Reviewing a review – or – What’s wrong with video game journalism
I remain cautiously optimistic for the Wii’s latest science ficiton shooter game, Dead Space: Extraction. I didn’t get the opportunity to play much of the original Dead Space on a friend’s console last year, but it was definitely an intriguing world to explore. Plus the Necromorphs are amazing creatures in that they require strategic dismemberment rather than the usual shoot-until-dead game play style found in other games.
I jumped at the opportunity to read 1Up’s preview of the game, found here. I’m disappointed. Not in the game but rather in the preview itself. Video game journalism is probably already a joke to the world of journalism, and I think I have finally been let in on it. Writer Justin Haywald, one can tell, is doing his best to be an objective reviewer. His enthusiasm is on the game itself, but everything else he writes is suggestive of his belief that the Wii is a video game console for children.
He is not alone in that thought process.
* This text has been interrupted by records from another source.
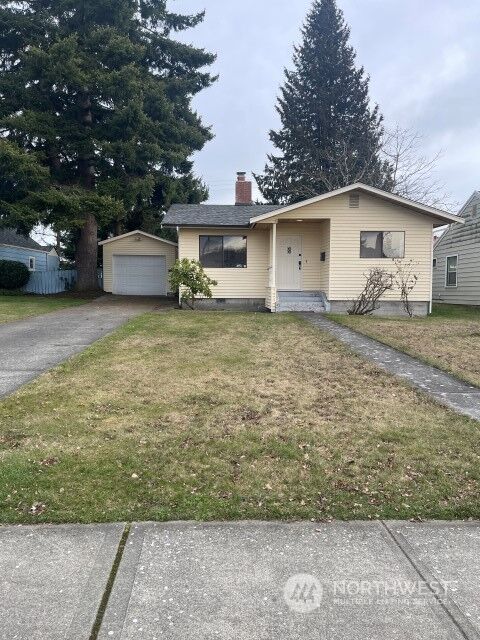 Property Photo:  1111 Lombard Avenue  WA 98201 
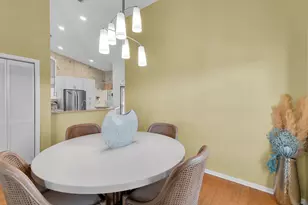 162 Newport Dr, Naples, FL 34114 - Photo 5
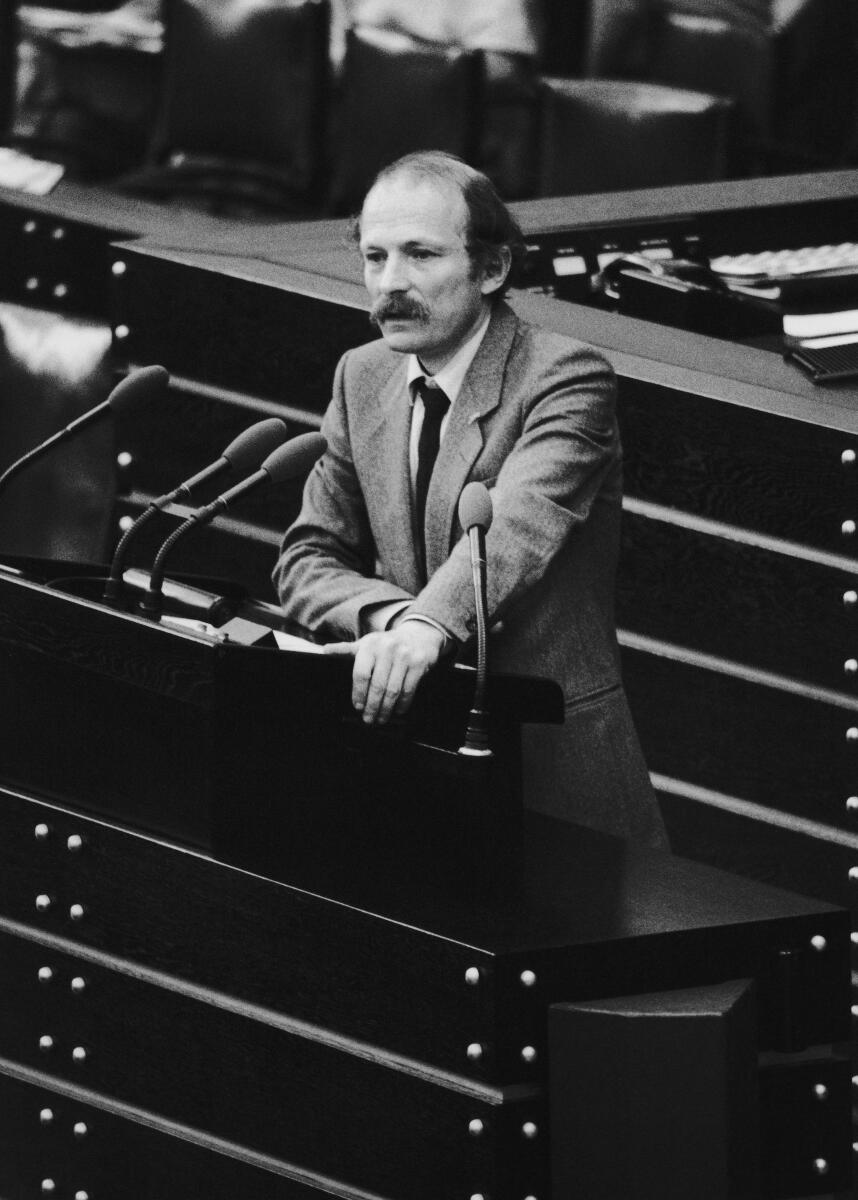 Rudolf Bindig, SPD, MdB, Rede im Deutschen Bundestag.; Bundestagsabgeordneter, Abgeordneter Bindig, Rudolf Rudolf Bindig, SPD, MdB, Rede im Deutschen Bundestag.; Bundestagsabgeordneter, Abgeordneter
Many gamers across America subscribe to the believe that the little white console with motion controls is what you buy for your kids after they graduate from their V-Smile. Nintendo has targeted the system at families as a whole and so produces games that are family-friendly, so it’s guilty of causing the initial association. However, games that are fine for the whole family cannot truly be considered games for children or games that are not adult. Most Zelda games employ brightly colored graphics, but I most would hesitate to dismiss them as games for children.
What the previewer really means to say is that Dead Space: Extraction is the next in the slowly developing line of M-rated games for the Wii. Of the three consoles out on the market, the Wii has the fewest M-rated games. Saying “adult games” instead of “M-rated games” displays a bias, even if unintentional. The connotation when using the word adult is suggestive of being grown up and therefore better, which is why it is used so often when discussing games for consoles. Those players usually mean to imply that the games of choice in their hobby are age appropriate and therefore to be accepted. Mature themes, mature language, and (mature) graphic violence are the things that are appreciated in adulthood.
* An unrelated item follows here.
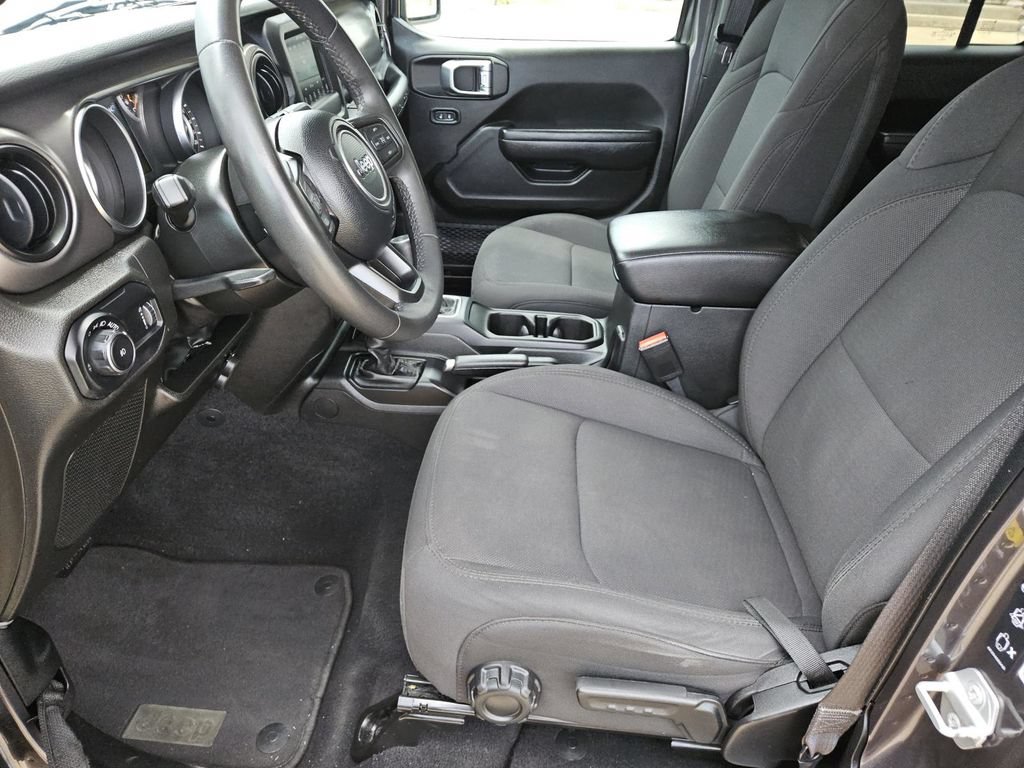 Used 2023 Jeep Wrangler Unlimited Sport AWD/4WD image 15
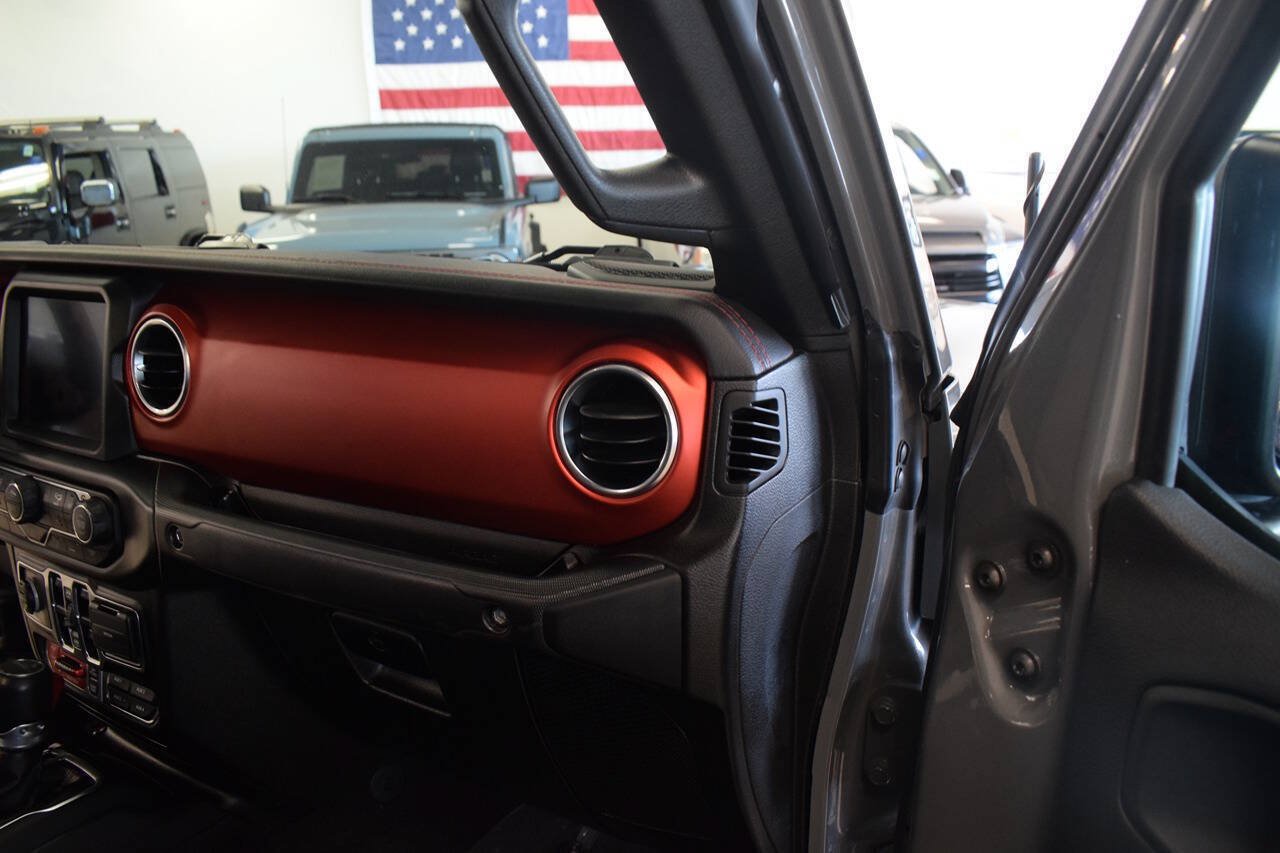 Used 2021 Jeep Gladiator Rubicon AWD/4WD image 26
Which is interesting because those are qualifiers for the Mature rating tag. People don’t simply say that the games are M-rated, they instead say adult or mature because it suggests more than an arbitrary label. It suggests adulthood and having grown up from bright colors and enemies who disappear in puffs of smoke. Sex, profanity, and violence are the makings of a true adult.
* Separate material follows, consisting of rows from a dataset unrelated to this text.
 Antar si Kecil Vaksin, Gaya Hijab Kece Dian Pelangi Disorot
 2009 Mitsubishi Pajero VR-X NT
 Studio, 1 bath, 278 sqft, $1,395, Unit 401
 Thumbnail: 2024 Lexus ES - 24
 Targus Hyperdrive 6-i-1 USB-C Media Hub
I’ve played both MadWorld and House of the Dead: Overkill, and I would not describe either one as remotely adult. Both are M-rated, but MadWorld is simply a gratuitously violent game with an abundance of swearing and sexual humor, and House of the Dead: Overkill is…damn, it’s the same thing. The swearing and sexual humor are incredibly juvenile, and there’s certainly no rich message to be found in either game. These are simply games painted in the very adult color of blood red to sell better to children – especially adult-aged children.
Coming across a preview like Haywald’s helps me to realize that gaming journalism is far from mature itself. Journalism is supposed to be about objective reporting. What I found here was the writer’s willing perpetuation of a marketing strategy. Video game journalists are not reporters. These journalists are a form of extended marketing for video game companies, meaning that they’re simply salespeople. I’m suddenly very happy that most of the big name video game publications have gone under.